Google Webmaster Central Blog - Official news on crawling and indexing sites for the Google index

The number of pages Googlebot crawls

Thursday, November 09, 2006 at 4:19 PM

The Googlebot activity reports in webmaster tools show you the number of pages of your site Googlebot has crawled over the last 90 days. We've seen some of you asking why this number might be higher than the total number of pages on your sites.


Googlebot crawls pages of your site based on a number of things including:
  • pages it already knows about
  • links from other web pages (within your site and on other sites)
  • pages listed in your Sitemap file
More specifically, Googlebot doesn't access pages, it accesses URLs. And the same page can often be accessed via several URLs. Consider the home page of a site that can be accessed from the following four URLs:
  • http://www.example.com/
  • http://www.example.com/index.html
  • http://example.com
  • http://example.com/index.html
Although all URLs lead to the same page, all four URLs may be used in links to the page. When Googlebot follows these links, a count of four is added to the activity report.

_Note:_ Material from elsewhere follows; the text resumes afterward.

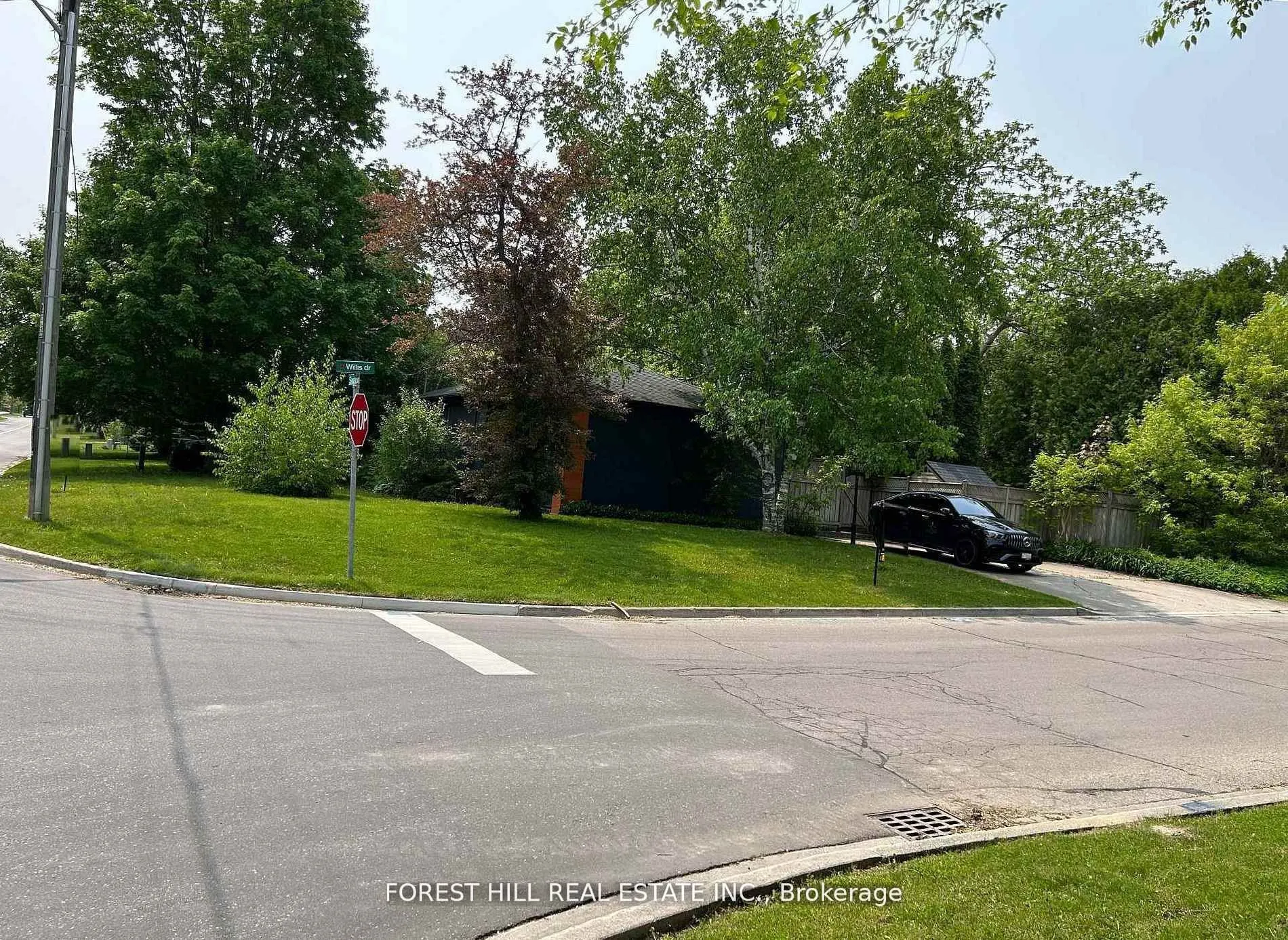 1 Willis Drive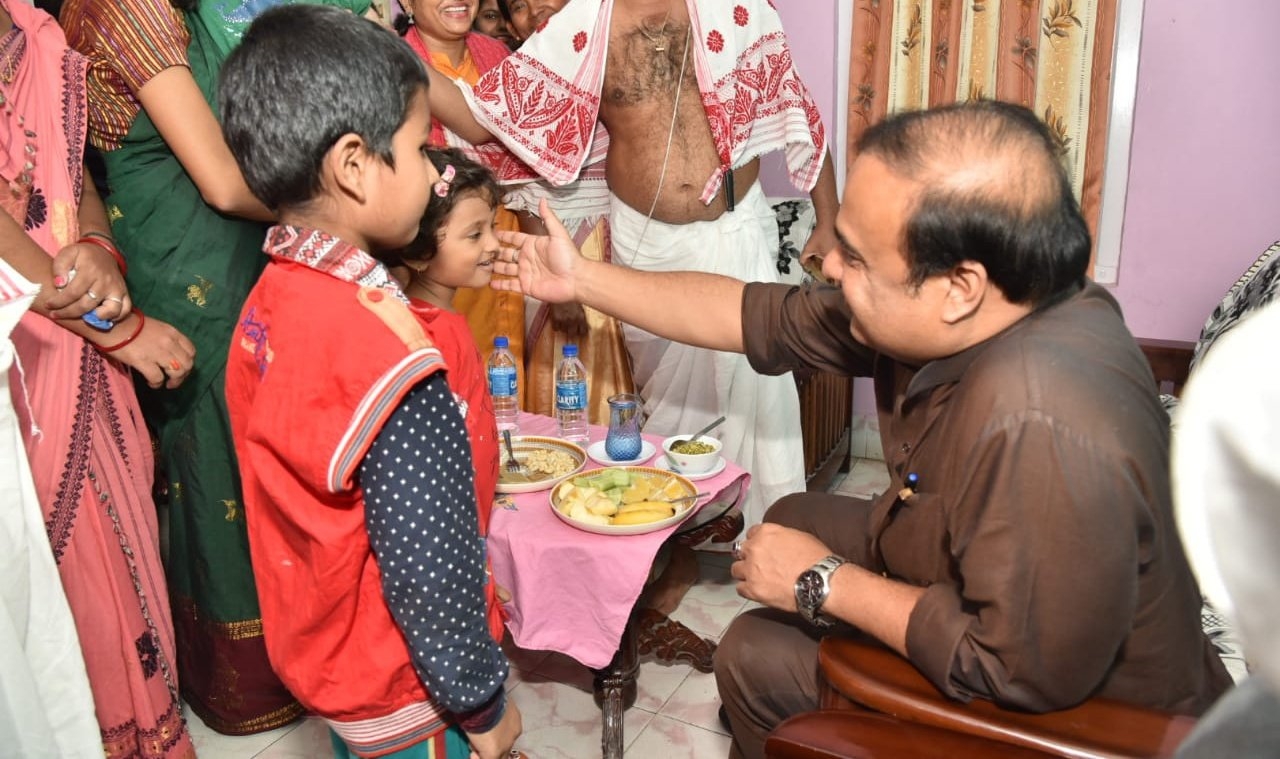 cm-dr-himanta-biswa-sharma-arrived-at-the-residence-of-late-social-workers-in-jalukbari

Many other scenarios can lead to multiple URLs for the same page. For instance, a page may have several named anchors, such as:
  • http://www.example.com/mypage.html#heading1
  • http://www.example.com/mypage.html#heading2
  • http://www.example.com/mypage.html#heading3
And dynamically generated pages often can be reached by multiple URLs, such as:
  • http://www.example.com/furniture?type=chair&brand=123
  • http://www.example.com/hotbuys?type=chair&brand=123
As you can see, when you consider that each page on your site might have multiple URLs that lead to it, the number of URLs that Googlebot crawls can be considerably higher than the number of total pages for your site.

Of course, you (and we) only want one version of the URL to be returned in the search results. Not to worry -- this is exactly what happens. Our algorithms selects a version to include, and you can provide input on this selection process.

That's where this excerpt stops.